Sack 1 - First Quarter 4:30 Mario Williams
The Bears came out in an empty set on 3rd and 10 and the Bills only rushed four. There's not a lot to break down on this play as right tackle Jordan Mills is manhandled by Buffalo defensive end Mario Williams. You can see Cutler take the shotgun snap, drop and set, but he had no where to go with the ball.
Williams makes a very Reggie White-like move on Mills. He rushes to Mills' outside shoulder, then just throws him toward his own momentum. Mills quickly got his hands on Williams; he didn't seem to be too high or to overextend, he just got beat.
Mills wasn't the only Bear to get overpowered on this play however. Take a peek at left guard Matt Slauson. He allows Bills' defensive tackle Kyle Williams to get under his pads and bullrush him straight back
Sack 2 - Second quarter 3:20 - Brandon Spikes
Spikes picked up just the second sack of his career on Sunday as the Bills deployed him off Chicago's right side. The Bills were showing a four man rush, but they snuck a defensive back up late and the Bears picked it up. I didn't like how the Bears blocked this play because, to me, their right side should have fanned out with Mills taking Spikes and right guard Kyle Long taking the guy to his right.
As for the sack, it was just a power move by Spikes. He collides with Chicago's Dante Rosario and his uppercut forearm knocks Rosario upright. Once he has the leverage on the Bears tight end, he just drives him straight back. I do see how this sack was a result of good coverage, but Rosario was beaten so easily I'd give him the sack allowed.

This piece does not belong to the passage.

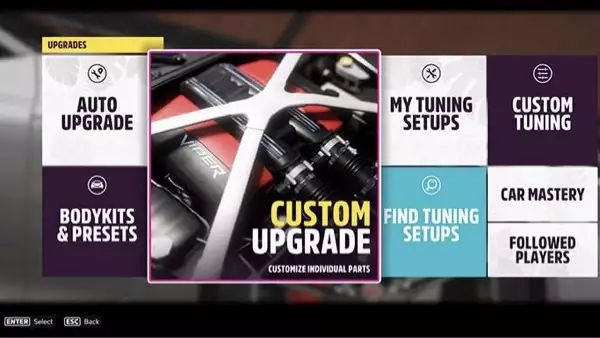 forza horizon 5 forza horizon 5 tuning setup forza horizon 5 apollo intensive emotion forza horizon 5 garage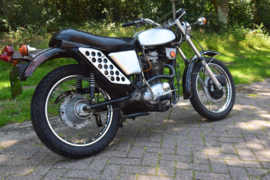 BSA B50 '72 B50SS Gold Star ter restauratie  Roling chassis | blok | bak |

Matt Forte, who had his pass blocking questioned last year, does a good job stonewalling the blitzing DB.
Here's how the Sackwatch has looked after one week going back to 2010.
Sackwatch After Week 1:
2010 Sacks - 4 (Martzfense)
2011 Sacks - 5 (Martzfense)
2012 Sacks - 2 (Mike Tice)
2013 Sacks - 0 (WCO)*
2014 Sacks - 2 (TCO)**
What were your thoughts on the two sacks allowed and on the pass protection as a whole on Sunday?
* Last year we were still refering to Marc Trestman's offense as the West Coast Offense
** But not any more... Trest Coast Offense is so a thing!